• _What the exercise asks_: Leave out the pictures and repeat exactly the lines from the one containing "Königlich Bayerisches Kreis-Amtsblatt" through the final line of the listing below.

──────── Data shown ────────

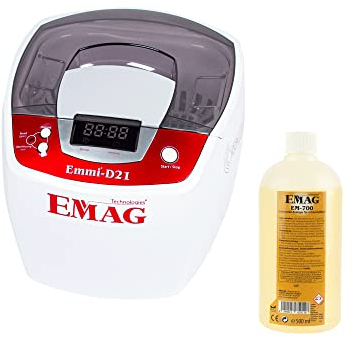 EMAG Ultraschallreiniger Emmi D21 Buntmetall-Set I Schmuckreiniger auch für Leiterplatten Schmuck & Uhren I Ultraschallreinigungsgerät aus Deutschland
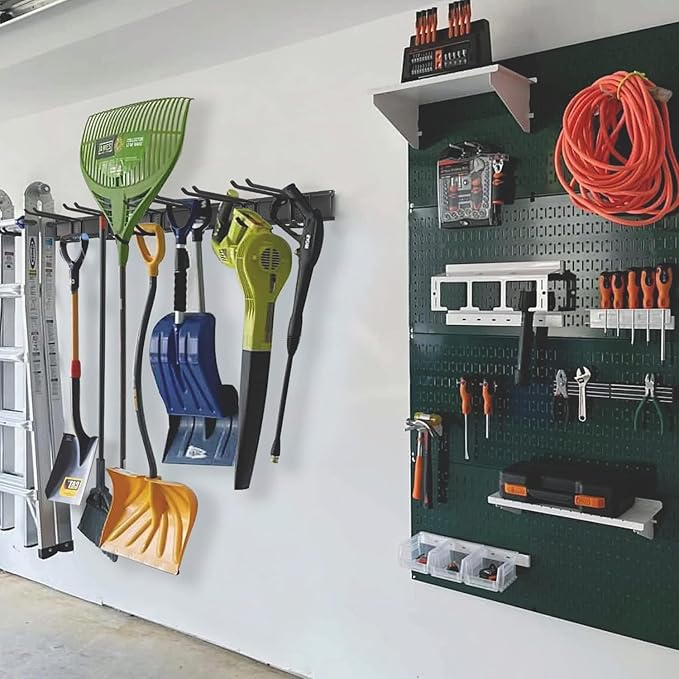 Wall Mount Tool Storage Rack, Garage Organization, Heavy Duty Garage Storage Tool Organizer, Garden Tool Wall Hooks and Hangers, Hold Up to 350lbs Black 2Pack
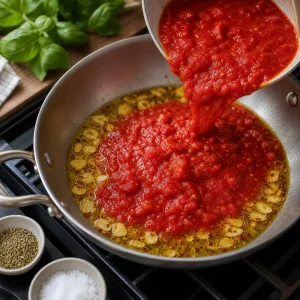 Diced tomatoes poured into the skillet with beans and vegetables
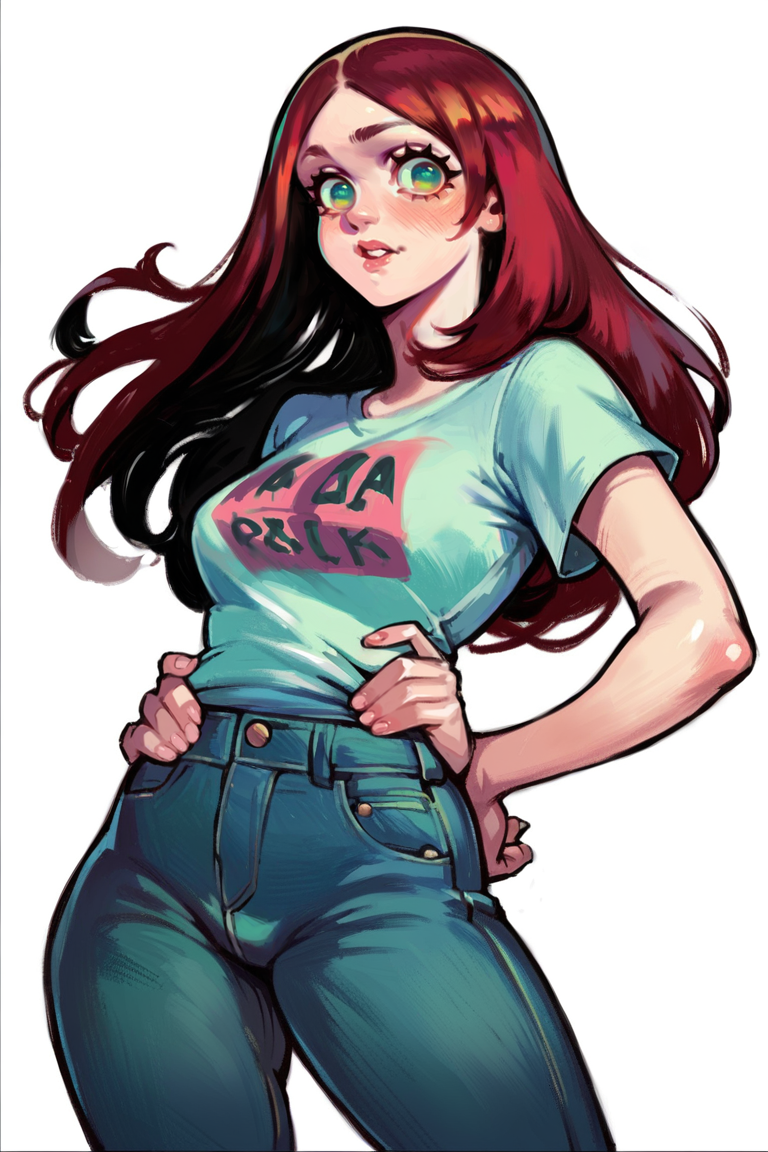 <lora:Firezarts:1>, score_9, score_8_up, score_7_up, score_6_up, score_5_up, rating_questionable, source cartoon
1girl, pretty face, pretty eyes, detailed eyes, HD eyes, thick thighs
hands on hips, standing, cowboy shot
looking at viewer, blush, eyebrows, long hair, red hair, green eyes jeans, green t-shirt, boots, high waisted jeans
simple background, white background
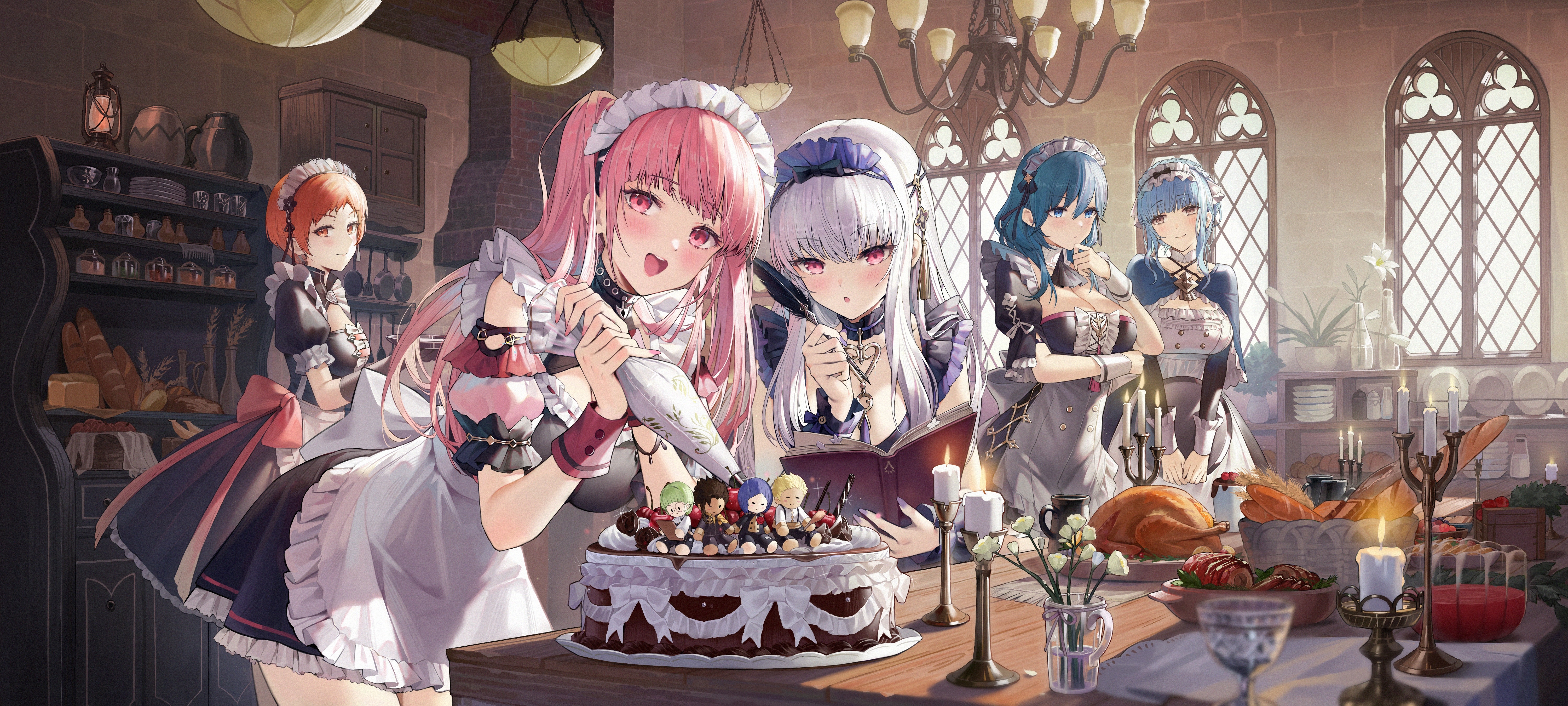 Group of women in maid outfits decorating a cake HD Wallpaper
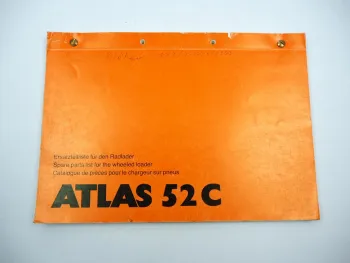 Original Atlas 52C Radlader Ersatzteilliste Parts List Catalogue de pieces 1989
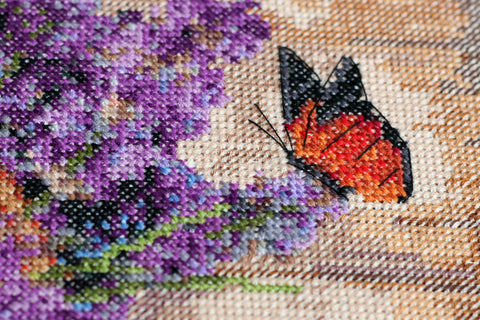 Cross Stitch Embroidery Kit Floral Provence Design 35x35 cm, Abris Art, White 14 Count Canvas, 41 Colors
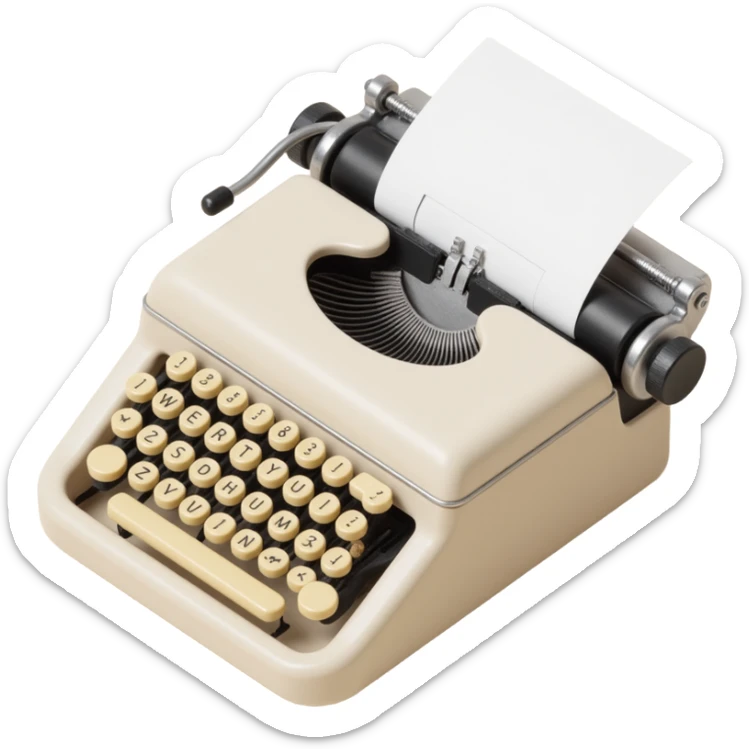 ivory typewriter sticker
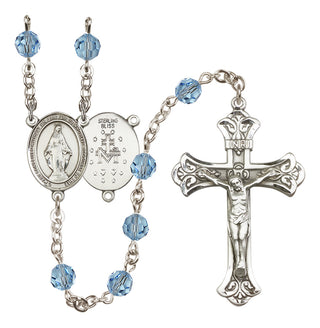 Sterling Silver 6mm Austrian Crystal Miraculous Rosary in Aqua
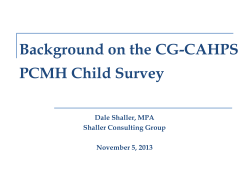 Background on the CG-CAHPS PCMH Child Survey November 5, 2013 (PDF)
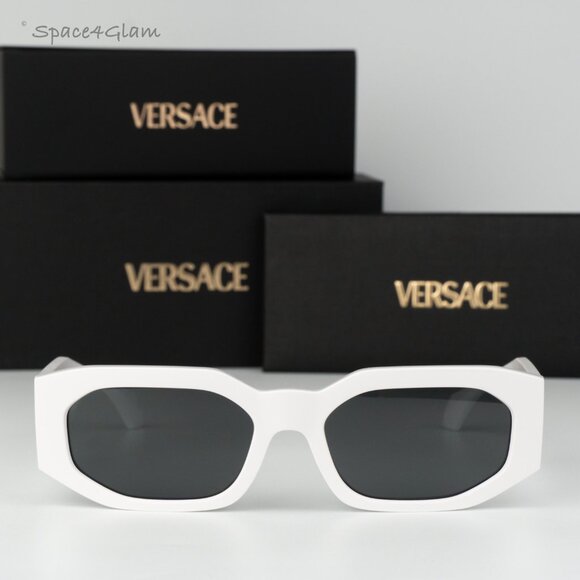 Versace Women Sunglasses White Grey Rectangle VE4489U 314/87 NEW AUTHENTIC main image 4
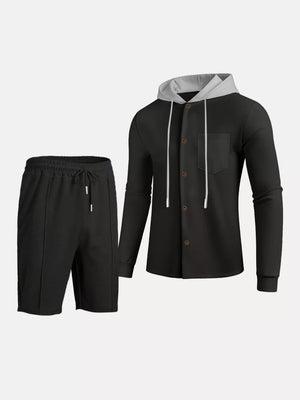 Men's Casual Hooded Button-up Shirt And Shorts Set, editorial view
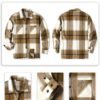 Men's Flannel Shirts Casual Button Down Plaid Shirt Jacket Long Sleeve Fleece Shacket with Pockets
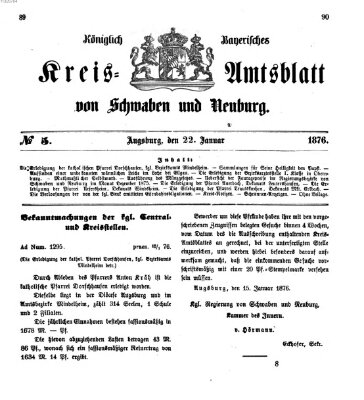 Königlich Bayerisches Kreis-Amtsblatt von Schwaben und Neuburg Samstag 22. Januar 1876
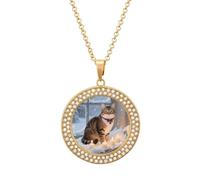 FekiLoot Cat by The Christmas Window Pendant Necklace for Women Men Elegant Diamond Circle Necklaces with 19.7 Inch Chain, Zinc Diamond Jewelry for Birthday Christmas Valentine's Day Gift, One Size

────────

• _Completed exercise_:
 Königlich Bayerisches Kreis-Amtsblatt von Schwaben und Neuburg Samstag 22. Januar 1876
 FekiLoot Cat by The Christmas Window Pendant Necklace for Women Men Elegant Diamond Circle Necklaces with 19.7 Inch Chain, Zinc Diamond Jewelry for Birthday Christmas Valentine's Day Gift, One Size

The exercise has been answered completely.